We coded the behaviour including vocalisation types (Table S2) of the dogs using Solomon Coder53 (http://solomoncoder.com). We calculated durations of each behaviour during separation (starting with the owner closing the door till opening it upon return).

Statistics

Analyses were run in R statistical environment54 using RStudio55. We applied Principal Component Analysis (psych package56, principal function with oblimin rotation) to form behavioural scales from the time duration data (excluding whining). The number of extracted principal components (PCs) were determined with parallel analysis (paran package57). Five PCs were defined, and their scores were calculated for each individual for further analysis.
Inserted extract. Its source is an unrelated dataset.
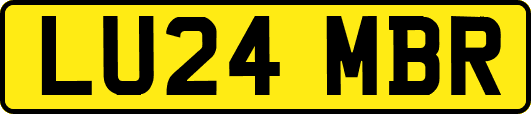 LU24MBR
To analyse the behavioural scales, we used Linear Models (lm function) with AIC based backwards elimination (drop1 function) to find the parsimonious models. We built separate models to test the effect of individual (SRP + sex + reproductive_status + trauma + age + sex:reproductive_status) and behaviour data (all PCA scales as covariates) on the vocal parameters, normalized with box-cox transformation when necessary. In the case of NLP occurrences, we ran two set of Generalized Linear Models (GLM) (glm function). First, we included all dogs that emitted f0 whines and the response variable was whether their whines contained NLP coded as a binary variable (binomial GLM). Then in the second analysis, only dogs that emitted f0 whine with NLP were included and their NLP ratio was used as the response variable in logit link quasibinomial models. We also applied AIC based backwards model selection in these cases.

In the case of the behavioural scales, some dogs had extreme values. Thus, to exclude the possibility of the effect of these suspiciously influential points, all positive findings were also confirmed with the exclusion of these extreme values. In all cases, except the effect of chair/move (PC1) on the occurrences of NLP, significant effects remained after the exclusion of these extreme values, thus we can conclude that the majority of these values are not outliers or influential points but actual extreme cases fitting into the general distribution pattern.